Free proline content in leaves was determined according to the method proposed by Bates et al., (1973) based on the formation of red coloured formazine by proline with ninhydrin in acidic medium, which is soluble in organic solvents like toluene.
Protein content was estimated by the method given by Lowry et al., (1951) Five hundred mg of plant materials were weighed and macerated in a pestle and mortar with 10 ml of 20 per cent trichloroacetic acid. The homogenate was centrifuged for 15 min at 6000 rpm. The supernatant was discarded. To the pellet, 5 ml of 0.1 N NaOH was added and centrifuged for 5 min. The supernatant was saved and made up to 10 ml with 0.1 N NaOH. This extract was used for the estimation of the protein.
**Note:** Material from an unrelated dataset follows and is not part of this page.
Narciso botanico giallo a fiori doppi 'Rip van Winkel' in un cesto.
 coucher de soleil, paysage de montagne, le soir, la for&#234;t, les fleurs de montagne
Estimation of antioxidant enzymes
Leaf samples (250 mg) were ground to a fine powder using liquid nitrogen. Ground powder was homogenized in 1.5 ml of ice-cold extraction buffer containing phosphate buffer (100 mM, pH 7.0), 1% PVP and 1mM EDTA before centrifugation at 1000 rpm and 40°C for 15 min. The supernatant was separated and stored at 40°C till the assay of enzymatic activities using spectrophotometer.
Catalase (CAT) activity (EC
CAT activity was determined by the method of Luck (1965) with some modifications. For assay 100 μl of diluted enzyme extracted from leaves was taken and added with 800 ìl of 50 mM potassium phosphate buffer (pH 7.0). Reaction was initiated by adding 100 μl of 100 mM hydrogen peroxide. The change in absorbance was recorded at 240 nm at an interval of 15 sec for 2 min. The enzyme activity was expressed as unit mg-1 protein min-1. One unit can be defined as 0.1 decrease in absorbance.
Ascorbate peroxidase (APX) activity (EC
APX activity was measured by the method of Nakano and Asada (1981). To prepare reaction mixture for determining APX activity, diluted enzyme extract (20 μl) was added in 50 mM potassium phosphate buffer (880 μl) containing 0.5 mM ascorbate. The reaction was started by the addition of 1 mM H2O2 (100 μl). Diminishing absorbance was recorded at 290 nm at 15 sec intervals for 2 min.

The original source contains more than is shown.